In Māori mythology, Irawaru is the origin of the dog. He is the husband of Hinauri, the sister of Māui. Māui becomes annoyed with Irawaru and stretches out his limbs, turning him into a dog. When Hinauri asks Māui if he has seen her husband, Māui tells her to call "Moi! Moi!" whereupon the poor dog runs up to Hinauri. Learning the truth, she throws herself to Tangaroa (the ocean) never to be seen again.

Versions differ as to the cause of Māui's annoyance with his brother-in-law. In some, he is jealous of Irawaru's success at fishing; in others, he is angry at Irawaru's refusal to give him a cloak, or disgusted at Irawaru's greedy nature.

In other Ngā Puhi Nui Tonu mythology, three dogs were brought to Aotearoa by Kupe. These spirits were known as kehua or guardians brought over from Hawaiki.
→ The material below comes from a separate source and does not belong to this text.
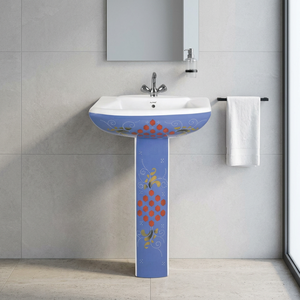 Vasque en céramique Vitrosa rustique bicolore avec piédestal intégral, nouveau motif, design moderne - Product Image 5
During the arrival to Aotearoa they were sent to Cape Reinga with a few men to guard the escape of their souls. The iwi later was named Ngāti Kurī. Their job was to guard the spirits through to the afterlife.

In traditional Māori society, dogs (kurī) were given the best cuts of meat and were highly regarded as sacred. Their fur was highly regarded for cloaks reserved for rangatira.

The story accounts for the characteristics of dogs: they warn of danger or night raids, they respond to commands, and are loyal companions that ward off evil spirits.